Unesco body gives govt one more year to ensure protection of Makli necropolis
THATTA: The world heritage committee of the United Nations Educational, Scientific and Cultural Organisation (Unesco) in its recently concluded conference in Istanbul expressed serious concern over the fast crumbling Ramsar Site, the Makli necropolis, mainly due to neglect and unchecked encroachment.
The meeting discussed the option of putting the world’s second largest historical necropolis on the list of ‘endangered world heritage sites’. However, it granted the government of Pakistan one year’s time to take appropriate measures to avoid such an action.
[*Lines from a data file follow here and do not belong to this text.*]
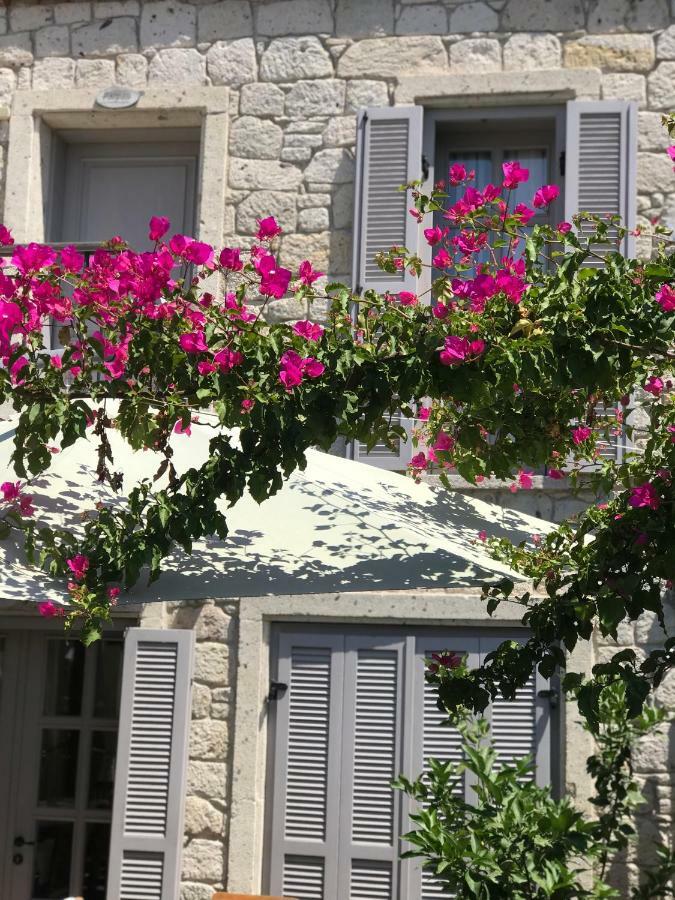 Hotel Cona Butik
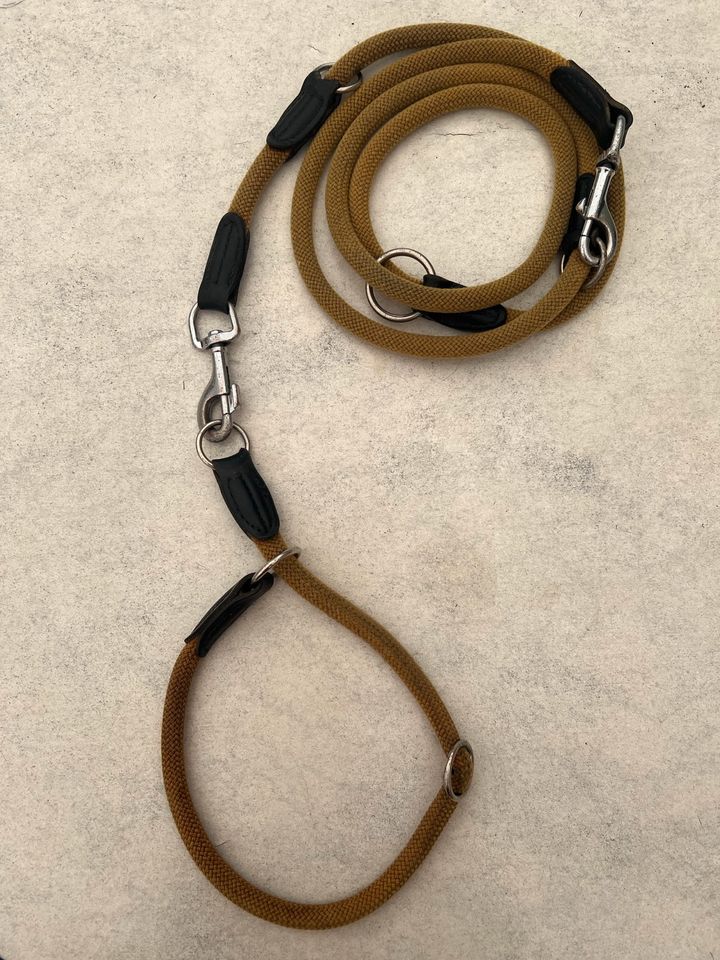 Retriever-Halsband mit Leine Gr. L-XL - Marke: Hunter in Langeneichstädt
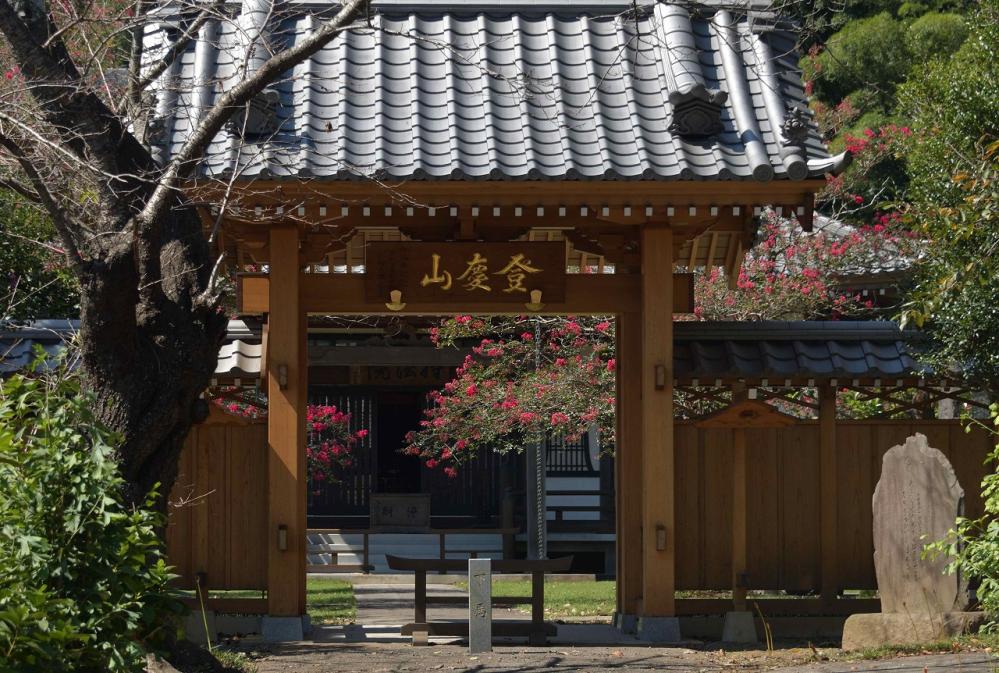 DSC_3074_山門を彩る百日紅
This was revealed by sources privy to the conference while speaking to this reporter here on Wednesday.
The conference began on July 10 and concluded on July 20. It was attended by over 1,500 delegates from around the world.
Former director general of the Sindh Archaeology department Qasim Ali Qasim also attended the conference as consultant on behalf of the department. He told this reporter that Pakistan’s arguments regarding its capacity to protect, preserve and maintain the heritage site were heard and after a debate, the committee agreed to extend the time, to take appropriate and effective measures for the protection and preservation of the site, by another year.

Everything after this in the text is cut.